La Gorda se puso en pie en actitud dramática y se inclinó sobre la mesa hasta que su frente estuvo a punto de rozar la mía.

– El Nagual decía que la buena suerte de Pablito era extraordinaria -dijo-. Madre e hijo luchan por lo mismo. Si no fuera tan cobarde, habría aceptado su destino y enfrentado a Soledad como un guerrero, sin miedo y sin odio. Al final, habría triunfado el mejor, alzándose con todo. Si Soledad hubiera sido la vencedora, Pablito habría debido sentirse feliz y desear su bien. Pero sólo un auténtico guerrero puede sentir ese tipo de felicidad.

– ¿Y qué siente doña Soledad al respecto?

– No se abandona a sus sentimientos -replicó la Gorda, sentándose nuevamente-. Ha aceptado su destino con más prontitud que cualquiera de nosotros. Antes de recibir la ayuda del Nagual, se encontraba peor que yo. Yo, al menos, era joven; ella era una vaca vieja, gorda y cansada, que sólo pedía morir. Ahora la muerte tendrá que dar batalla para llevársela.

El elemento temporal era un factor confuso para mí en relación con la transformación de doña Soledad. Expliqué a la Gorda que no hacía más de dos años que la había visto y seguía siendo la misma anciana que conocía desde un principio. La Gorda me aclaró entonces que la última vez que yo había estado en casa de Soledad, convencido de que aún era la madre de Pablito, el Nagual los había instado a actuar como si nada hubiese ocurrido. Doña Soledad me saludó, como siempre desde la cocina, pero en realidad no llegué a verla. Lidia, Rosa, Pablito y Néstor representaron sus papeles a la perfección para evitar que me diese cuenta de cuáles eran sus verdaderas actividades.

– ¿Por qué el Nagual se dio todo ese trabajo, Gorda?

– Te protegía de algo que aún no estaba claro. Te apartaba de nosotros de una manera deliberada. Tanto él como Genaro me ordenaron no mostrar mi rostro mientras estuvieses cerca.

– ¿Le dieron la misma orden a Josefina?

– Sí. Ella está loca y no puede contenerse. Pretendía hacerte una broma. Solía seguirte sin que tú te enterases. Una noche en que el Nagual te llevó a las montañas estuvo a punto de empujarte a un barranco. El Nagual la descubrió en el momento crítico. No hace esas cosas por maldad, sino porque le divierte ser así. Esa es su forma humana. No cambiará hasta que la pierda. Te he dicho que los seis están un poco idos. Debes ser consciente de ello si no quieres caer en su telaraña. Si te atrapan, no los culpes. No pueden evitarlo.

Guardó silencio por un rato.
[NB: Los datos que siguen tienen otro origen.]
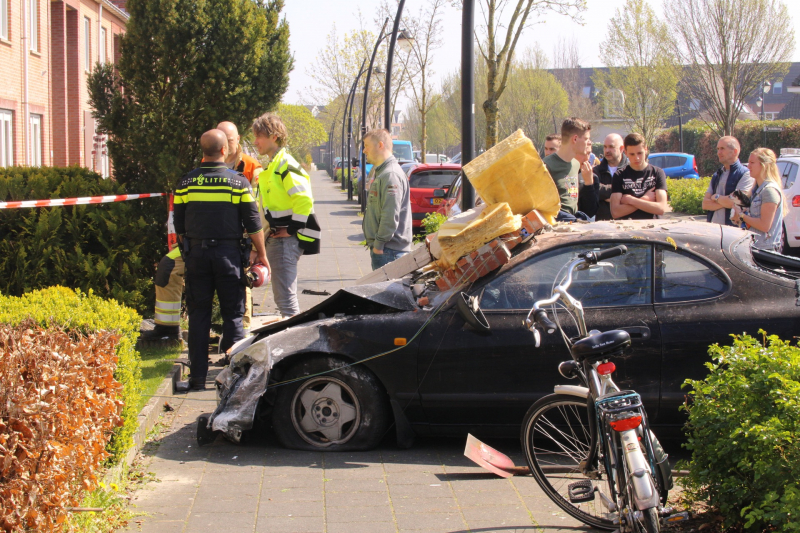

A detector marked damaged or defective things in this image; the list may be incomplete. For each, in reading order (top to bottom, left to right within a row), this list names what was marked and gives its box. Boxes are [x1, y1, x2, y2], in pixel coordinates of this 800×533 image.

damaged front wheel [272, 358, 390, 448]
crashed black car [205, 219, 800, 448]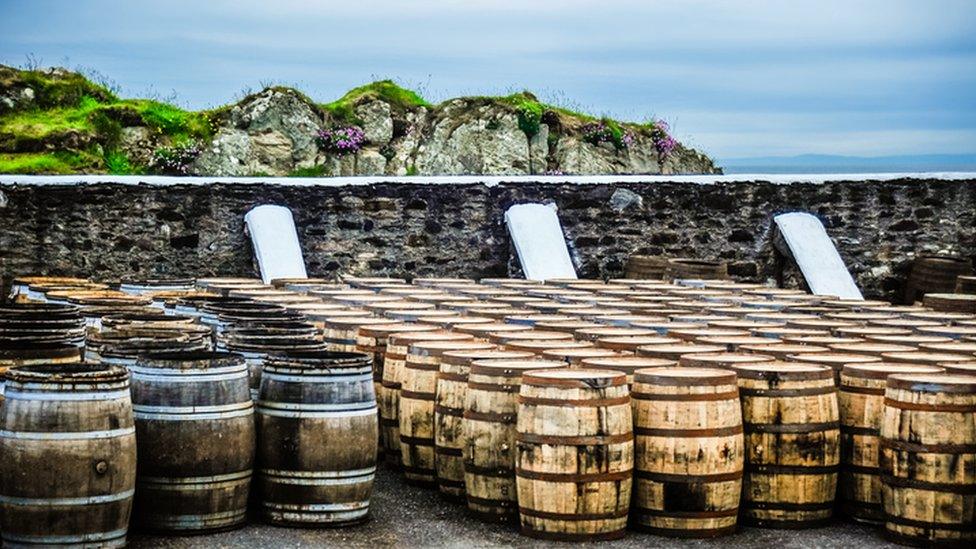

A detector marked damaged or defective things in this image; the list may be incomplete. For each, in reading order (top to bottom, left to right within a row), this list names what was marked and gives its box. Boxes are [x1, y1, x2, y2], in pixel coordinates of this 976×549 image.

rusty metal band [876, 434, 976, 452]
rusty metal band [464, 460, 516, 478]
rusty metal band [520, 464, 632, 482]
rusty metal band [880, 470, 976, 492]
rusty metal band [884, 512, 976, 532]
rusty metal band [520, 524, 624, 540]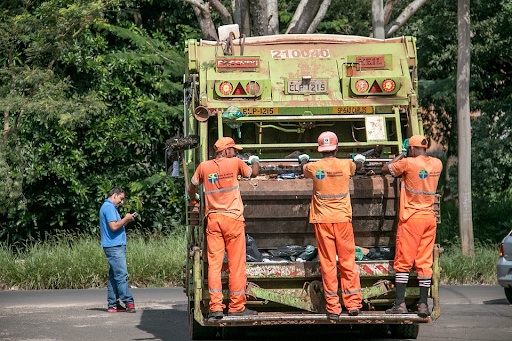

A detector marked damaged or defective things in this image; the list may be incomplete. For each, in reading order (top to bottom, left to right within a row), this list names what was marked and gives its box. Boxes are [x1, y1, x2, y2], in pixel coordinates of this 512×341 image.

rust on truck [180, 27, 440, 340]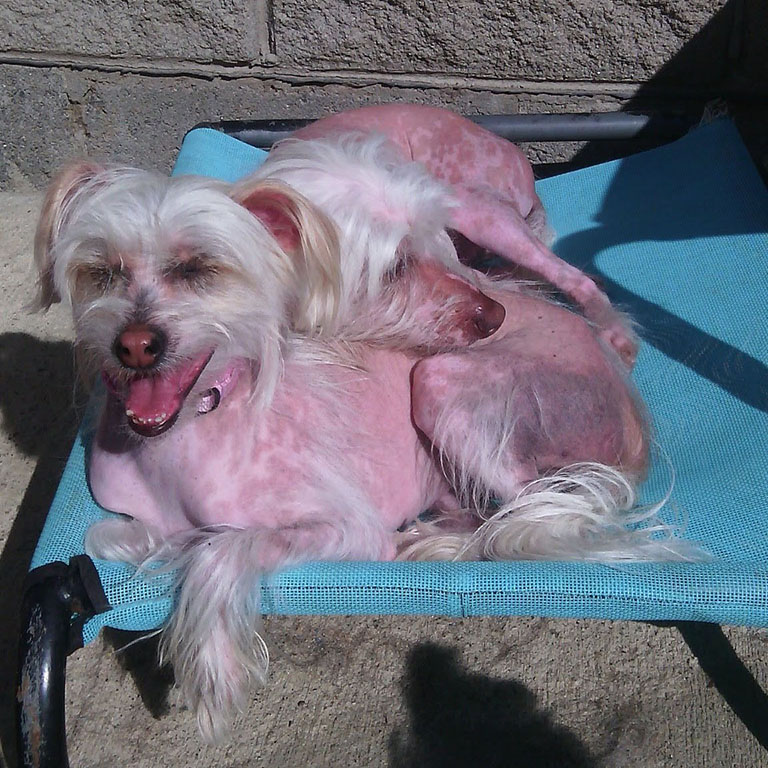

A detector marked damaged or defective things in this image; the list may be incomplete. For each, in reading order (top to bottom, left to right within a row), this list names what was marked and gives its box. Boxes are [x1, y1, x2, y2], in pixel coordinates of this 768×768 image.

rusty metal leg [15, 560, 111, 768]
Capté un signo casi imperceptible de alteración en su cuerpo. Su mirada pareció desenfocarse y su mandíbula cayó como si los músculos de sostén hubiesen cedido. Quedé absorto contemplándola. Sacudió la cabeza dos o tres veces.

– Acabo de ver algo -dijo-. Eres idéntico a las hermanitas y a los Genaros.

Se echó a reír en silencio. No dije nada. Deseaba que se explicara sin mi intromisión.

– Todos se enfadan contigo porque aún no han caído en la cuenta de que no eres distinto de ellos -prosiguió-. Te consideran el Nagual y no comprenden que te complaces en ti mismo al igual que ellos.

Me comunicó que Pablito gimoteaba y se quejaba y representaba el papel de cobarde. Benigno se fingía tímido, incapaz de abrir los ojos. Néstor jugaba el rol del sabio, el que lo sabe todo. Lidia hacía las veces de la mujer dura, capaz de aplastar a cualquiera con una mirada. Josefina era la loca en quien no se podía confiar. Rosa era la muchacha de mal carácter que se comía a los mosquitos que la mordían. Y yo era el loco que venía de Los Angeles con una libreta y un montón de preguntas desatinadas. Y a todos nos gustaba ser como éramos.

– En una época yo era una mujer gorda y maloliente -siguió tras una pausa-. No me importaba que me patearan como a un perro, con tal de no encontrarme sola. Esa era mi forma.

»Tendré que contar a todos lo que he visto acerca de ti, para que nadie se sienta ofendido por tus actos.